To summarise, we have real and objective entities composed of matter and energy, ordered in space and time by information so as to give them form. This information has the property of synergistic potential, enabling it to ‘make’ a stable form, when it is said, by the cybernetic philosophers (following Turchin), to be selected by its ‘fitness’ (which relates to the length of time a form can exist). Another point of view is that the information giving form to a stable entity is a ‘resonant’ subset of data: resonance being a subset of selection in the sense of cybernetic philosophy. Either way, it is the selection of a certain set of symbols (data) which when applied to the formless raw materials of physical existence, give us entities which we may or may not value.


References

Prigogine, Ilya & Isabelle Stengers “ORDER OUT OF CHAOS”. Bantam Books, New York, 1984.


T. Sebeok (2003) “WHAT I S INFORMATION ANYWAY?” in W. Sheridan SENSIBLE SIGNAGE 3rd Edition.

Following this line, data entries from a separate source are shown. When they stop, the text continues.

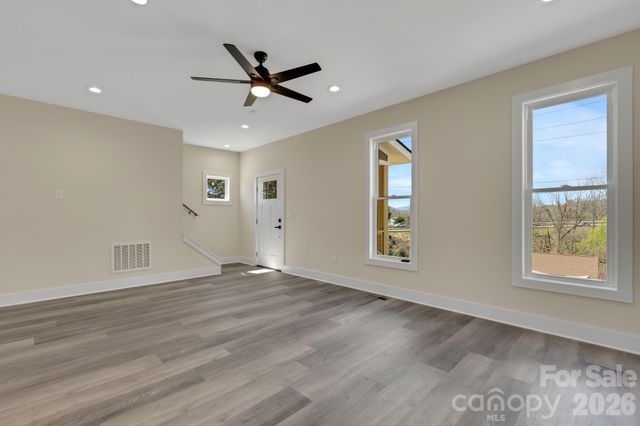 31 Elkwood Avenue, Asheville, NC 28804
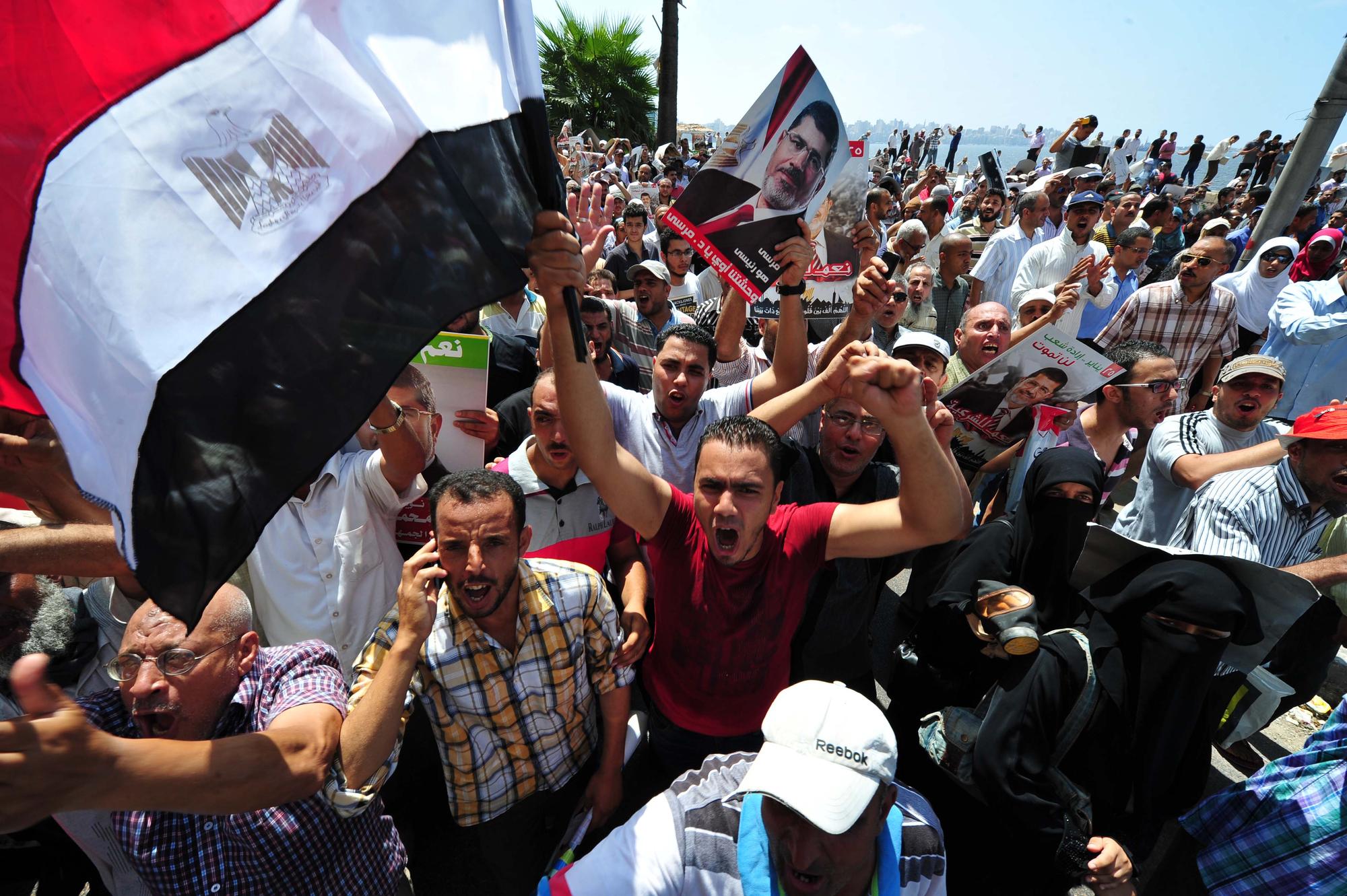 Des partisans du président déchu Mohamed Morsi ont répondu à l'appel à manifester des Frères musulmans, ici à Alexandrie.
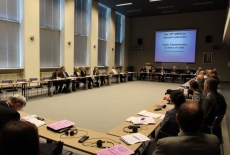 fot. Sebastian Szulfer/KSAP Widok na Aule i rozstawione stoły dookoła sali przy których siedzą goście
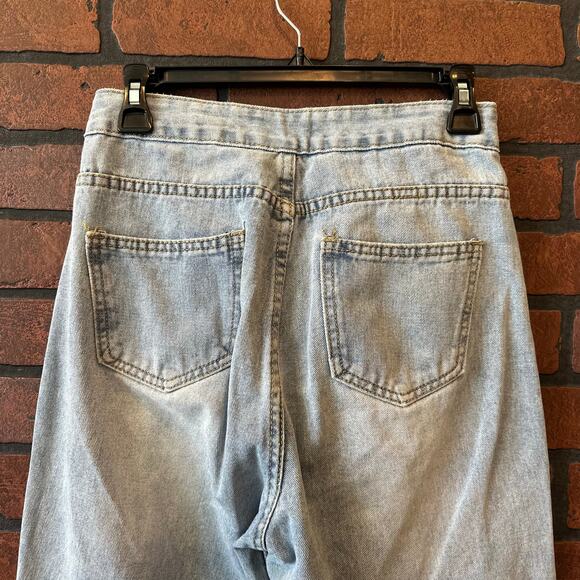 KITTENISH Jessie James Decker High-Rise Mom Jeans - 27 Light Wash Classic - Picture 3 of 11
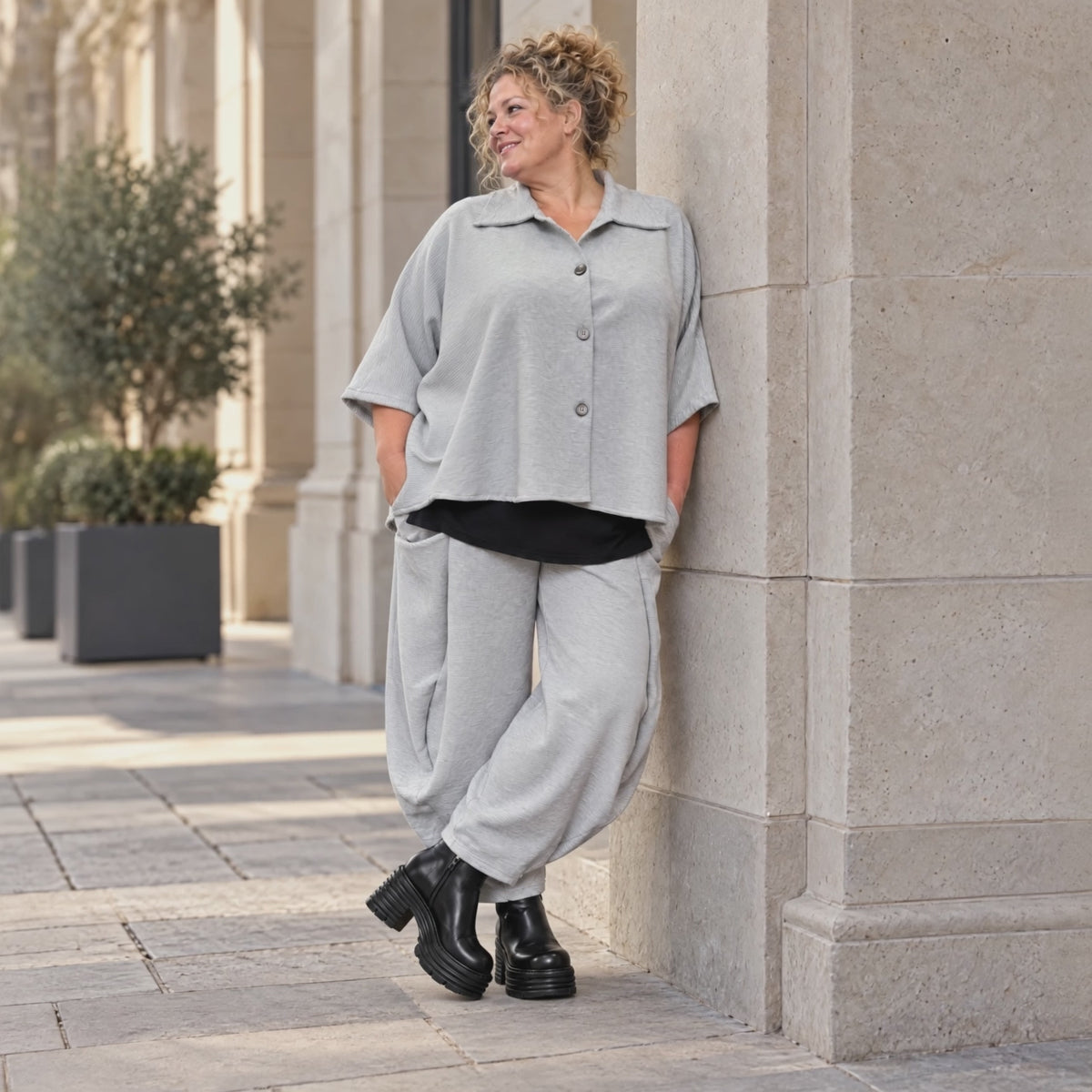 Graue Bluse aus weichem Ribbstoff mit Hemdkragen und gerundetem Saum für kalte Wintertage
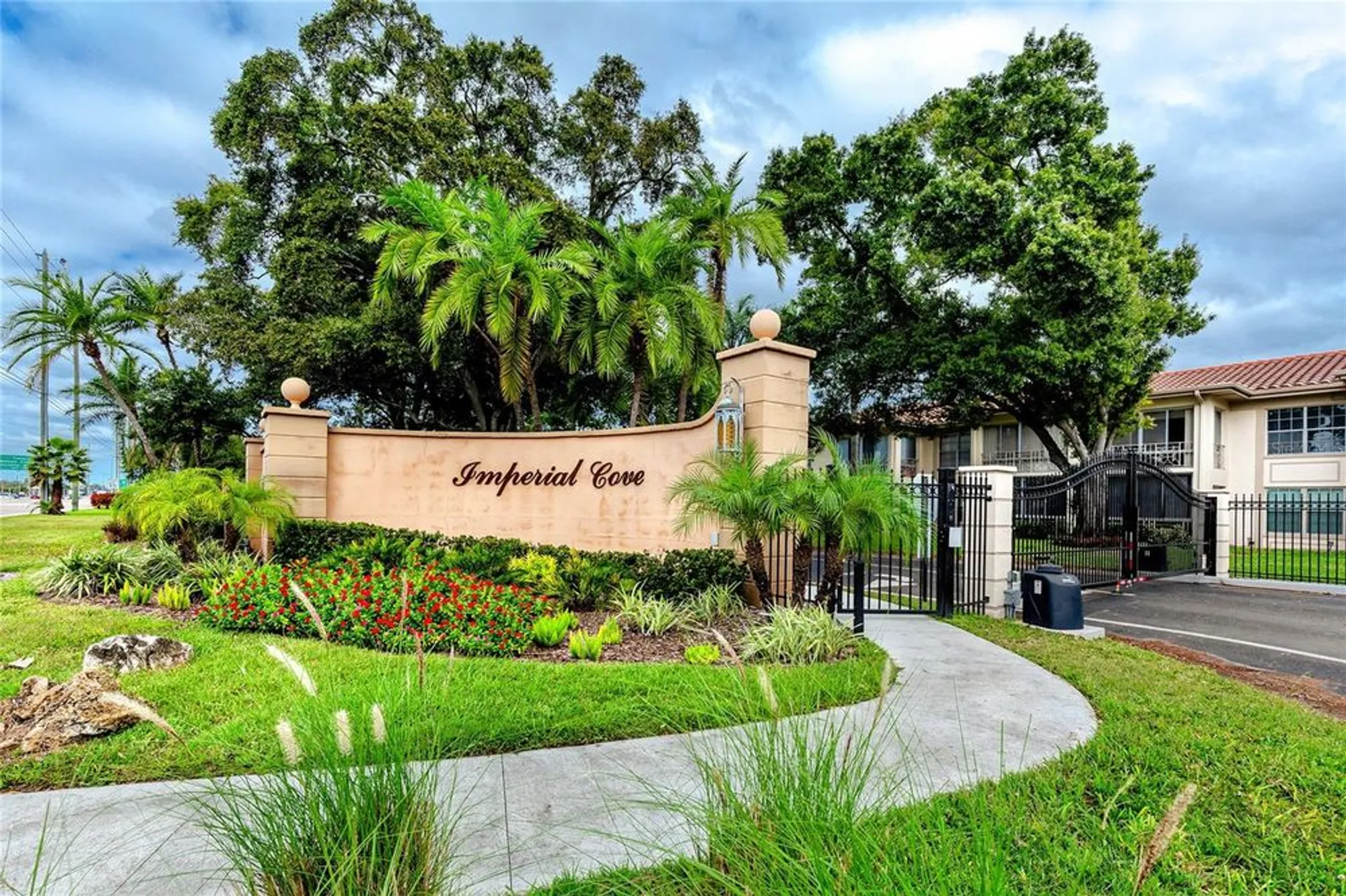 Property Slideshow image 31 of 45 | 19029 us highway 19 n apt 9-607, Clearwater, FL, 33764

URL: http://www3.sympatico.ca/cypher2/ChapterFour.htm

Smith B. (2001) Objects and Their Environments:
‘From Aristotle to Ecological Ontology’ in Frank A., Raper J. and Cheylan JP. (eds.), The Life and Motion of Socio-Economic Units (GISDATA 8), London: Taylor and Francis, 2001, 79–97.

V. Turchin (1999): "The physics of evolution", in: F. Heylighen, C. Joslyn and V. Turchin (editors): Principia Cybernetica Web (Principia Cybernetica, Brussels), URL: http://cleamc11.vub.ac.be/PHYSEVOL.html.

Turchin, V. (1977) The Phenomenon of Science" New York: Columbia University Press.

* Turchin, Valentin: (1991) "Cybernetics and Philosophy", in: Proc. 8th Int. Conf. of Cybernetics of Complex Systems, ed. F. Geyer, pp.61-74, Intersystems, Salinas CA.